Package: python-moinmoin
Version: 1.5.3-1.1
Severity: wishlist
Tags: patch
The attached patch adds a configuration option for an account-creation
password. If a wiki specifies an account-creation password, the user creation
form requires this password in order to create an account. This serves as an
anti-spam measure, as well as a means to limit account creation to users who
have previously contacted another user for the password.
Thanks to Jamey Sharp for testing and feedback on this patch.
- Josh Triplett
-- System Information:
Debian Release: 4.0
APT prefers unstable
APT policy: (500, 'unstable'), (1, 'experimental')
Architecture: i386 (i686)
Shell: /bin/sh linked to /bin/bash
Kernel: Linux 2.6.20-rc6
Locale: LANG=en_US.UTF-8, LC_CTYPE=en_US.UTF-8 (charmap=UTF-8)
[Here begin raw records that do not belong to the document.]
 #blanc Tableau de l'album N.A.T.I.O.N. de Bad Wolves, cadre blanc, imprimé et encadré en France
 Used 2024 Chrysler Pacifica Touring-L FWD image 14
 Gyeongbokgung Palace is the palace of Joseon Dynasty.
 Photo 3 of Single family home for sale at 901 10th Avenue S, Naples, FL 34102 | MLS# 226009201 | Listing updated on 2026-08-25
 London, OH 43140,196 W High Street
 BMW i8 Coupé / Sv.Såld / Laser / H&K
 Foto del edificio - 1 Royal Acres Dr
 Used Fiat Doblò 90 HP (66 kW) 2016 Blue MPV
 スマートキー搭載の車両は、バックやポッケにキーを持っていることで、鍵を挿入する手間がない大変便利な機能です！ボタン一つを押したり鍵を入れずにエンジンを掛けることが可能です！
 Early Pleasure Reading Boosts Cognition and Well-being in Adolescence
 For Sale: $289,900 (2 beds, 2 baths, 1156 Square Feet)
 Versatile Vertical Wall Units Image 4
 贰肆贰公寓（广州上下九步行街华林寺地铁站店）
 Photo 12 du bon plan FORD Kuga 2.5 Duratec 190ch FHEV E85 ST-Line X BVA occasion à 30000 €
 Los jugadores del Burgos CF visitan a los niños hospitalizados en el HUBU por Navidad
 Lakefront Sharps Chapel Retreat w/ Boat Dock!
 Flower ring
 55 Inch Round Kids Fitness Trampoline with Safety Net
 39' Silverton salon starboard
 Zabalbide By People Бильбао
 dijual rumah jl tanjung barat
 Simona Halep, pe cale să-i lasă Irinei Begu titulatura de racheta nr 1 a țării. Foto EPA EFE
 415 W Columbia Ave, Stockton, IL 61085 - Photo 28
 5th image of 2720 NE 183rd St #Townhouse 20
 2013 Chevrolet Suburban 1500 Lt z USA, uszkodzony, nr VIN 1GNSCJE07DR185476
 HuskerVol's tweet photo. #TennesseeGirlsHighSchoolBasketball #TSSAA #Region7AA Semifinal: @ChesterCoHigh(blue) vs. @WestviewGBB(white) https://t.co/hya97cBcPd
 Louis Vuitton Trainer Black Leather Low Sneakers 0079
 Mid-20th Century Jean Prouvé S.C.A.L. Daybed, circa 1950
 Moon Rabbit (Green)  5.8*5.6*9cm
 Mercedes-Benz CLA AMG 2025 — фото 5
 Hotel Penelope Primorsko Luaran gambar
diff -Naur moin-1.5.3.orig/MoinMoin/multiconfig.py moin-1.5.3/MoinMoin/multiconfig.py
--- moin-1.5.3.orig/MoinMoin/multiconfig.py 2006-04-07 11:22:01.000000000 -0700
+++ moin-1.5.3/MoinMoin/multiconfig.py 2007-02-17 17:55:29.000000000 -0800
@@ -163,7 +163,10 @@
class DefaultConfig:
""" default config values """
-
+
+ account_creation_password = None
+ account_creation_password_help = ''
+
# All acl_right lines must use unicode!
acl_rights_default = u"Trusted:read,write,delete,revert Known:read,write,delete,revert All:read,write"
acl_rights_before = u""
@@ -418,6 +421,8 @@
##('', _('Date format'), [self._dtfmt_select()])
##('', _('Preferred language'), [self._lang_select()])
]
+ # Need to create this now, since _ gets deleted before __init__
+ account_creation_password_text = _('Account-creation password')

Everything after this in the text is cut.